There are a handful of bands, however, who can bring that feeling back, like I'm fifteen and putting on some mix CD from my bandmate for the first time. Back then, everything sounded fresh and original but now, it's a rare band that doesn't automatically lock into a neat little slot of context - influences, artistic movements, harmonic analysis and all the rest. But sometimes, with originality and passion, a band can shut down my nerdy neurons and just make me happy. And 28 Degrees Taurus is one of these few.
It's hard to say exactly why. After all, it's not hard to play "name the influence" with the band's music - dream pop, shoegaze, psychedelic and ambient music make up 28DT's not-so-uncommon parentage.

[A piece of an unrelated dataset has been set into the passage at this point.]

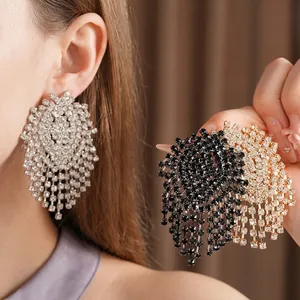 Oversized luxury geometric tassel earrings with glittering rhinestones for women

Still, there's something in the druggy haze that sets the band apart, a sort of new interpretation, or misinterpretation, of its sources. Like so many great bands, 28DT seems to have found their genius by accident, by following instinct and passion and genuine insanity and having enough talent to make their unintended experiments well worthwhile.
I don't want to exaggerate the band's originality. In many ways, they sound like any of dozens of the shoegaze revival bands that populate our fair East Coast these days. The clouds of guitar, measured drumming and subtle, guiding bass don't immediately stand out. It's in smaller ways that 28DT make themselves relevant. The ringing guitar riffs often have just the slightest hint of oriental modes, while the interplay of Karina Dacosta's floating, high-range melodies and Jinsen Liu's nearly-as-high, aspirated, otherworldly whisper make the record unmistakably 28 Degrees Taurus. The guitars wobble and shimmer if held underwater - in fact, even the drums seems as if seen from behind glass, perfectly clear yet somehow distant.
On the opening track, Dacosta's vocals rise with noticeable purity above the uncalm noise of the guitar in a sort of half-human duet. "Turn Me On" achieves a similar effect, but built on a more solid rhythm section into a more conventional song. Next up, "Universal Love" severs the album's last ties with the earth as Liu's strange voice takes the fore. The album doesn't wane on "Seeking Heat" and "Electricity" either, the former held aloft by Dacosta's breathtaking melody and the latter driven forward by Liu's gently raging guitar.
The entire album doesn't quite match its opening. "Sun Chaser" is an interesting experiment in blatantly country-style slide guitar, with a 28DT twist. The band tries the same experiment again "Missing You," again with success. Unfortunately, some of the other later tracks are just not as memorable and not only mildly disappoint, but also dilute the quality of the earlier songs. Still, they aren't bad songs by any means and the album is strong enough to withstand some simply "pretty good" filler.
I don't know that 28 Degrees Taurus will ever catch on in a big way and I don't know that they necessarily want to. Still, they remain one of the best and by far one of the most underrated East Coast bands around. They are better than 95% of what gets love from the indie scene. That's not just because they're more talented but also because they're more passionate and honest and pour more love into their music than the vast majority of bands. They have that purity of intention and a courage of exploration that, as a listener, I lost long ago. And reminding even a few listeners of that feeling is more than most bands can ever hope to achieve. Thanks, guys.